Singing the old stressed-out dot-com blues

Analysis/Commentary

The Net Economy brings with it a new set of expectations in terms of performance and self-sacrifice. See that urban sprawl out there? in Silicon Valley, moving now north and south of San Francisco, then south to L.A.'s Glendale, and now into San Diego, Denver, Dallas, Austin, Chicago, Virginia, Massachusetts, Connecticut, and New York? See the dot-comers and dot-goers? See them doing the dot-crazy, dot-com dance?

Yes, America, in discovering the New Economy, is also discovering woes: over-built and over-priced housing, crowded highways and gridlocked parking garages, wall-to-wall techies and e-commerce strategists. It's almost as if the Old World decided overnight to displace itself to the New World, and the countryside to surge upon the city. In the gold-rush atmosphere of this year's e-commerce offensive, worklife has become a vocation akin to total war, with quick riches the cause and proximate goal.

The telephone rings non-stop. Each week brings a swarm of new faces that start out fresh and pink, and turn from red to gray. The atmosphere of volunteerism is almost religious, and borders occasionally on the fanatical. The stress is invigorating, when it isn't deadly. Dot-com mania defeats workers' age-old alliances to their locales, their tribal identities as Virginians, or Texans, or what-nots. The electronic wire introduces looser, larger bonds, and a form of association very different from community -- or communalism.

The new era has erected the virtual city, painted life the color of night, where youth and middle age mingle, where populations feast like locusts on their work environments, and raise anthills or long trails of plodding gridlock. Already some buildings are forcing charities out in California, and the new success stories -- the mushroomed IPOs -- are creating work camps as frenzied as the boomvilles of the '49-ers.

Is it all worth it? Certainly. This year, e-commerce and e-business seem to be blending in a strange and dynamic way; businesses throw out old rules about the sanctimony of competitive barriers, enemies are suddenly friends, and friends are, well, usually a little behind the times. Where once the goal of business was to sell products or services, companies develop virtual -- er -- product-services, in the form of shared resources and bartered potentialities. Information becomes a new form of trade, and confidence a leverageable asset.

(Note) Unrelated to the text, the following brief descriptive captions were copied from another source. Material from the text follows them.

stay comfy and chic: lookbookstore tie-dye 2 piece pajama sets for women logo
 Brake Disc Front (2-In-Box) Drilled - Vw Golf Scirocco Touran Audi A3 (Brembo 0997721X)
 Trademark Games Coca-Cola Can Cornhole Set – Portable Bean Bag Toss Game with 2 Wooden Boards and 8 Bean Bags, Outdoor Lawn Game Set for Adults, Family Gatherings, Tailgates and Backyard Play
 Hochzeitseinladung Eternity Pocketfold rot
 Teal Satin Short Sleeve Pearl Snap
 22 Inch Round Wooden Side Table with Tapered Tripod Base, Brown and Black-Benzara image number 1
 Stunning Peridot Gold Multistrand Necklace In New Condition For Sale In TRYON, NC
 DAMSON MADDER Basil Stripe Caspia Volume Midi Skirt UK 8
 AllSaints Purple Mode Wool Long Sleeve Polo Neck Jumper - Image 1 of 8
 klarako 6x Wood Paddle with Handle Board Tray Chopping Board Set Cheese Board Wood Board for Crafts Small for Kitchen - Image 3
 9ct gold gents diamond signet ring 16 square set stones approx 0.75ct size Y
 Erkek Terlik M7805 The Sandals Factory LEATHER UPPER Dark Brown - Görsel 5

-- "I'll trade you twenty information chits for ten units of confidence. What do you say?"

-- "Deal."

In the meantime, human resources get stretched to the limit, and, if they don't crack, they'll stretch some more next year and the next, when commerce goes global, when brand identities perform cross-cultural, cross-industrial leaps, when the Net becomes "real" for those who thought it wasn't.

'Til then, the troops pile into their bedroom communities, nursing their long hours, and singing those homesick stressed-out dot-com blues.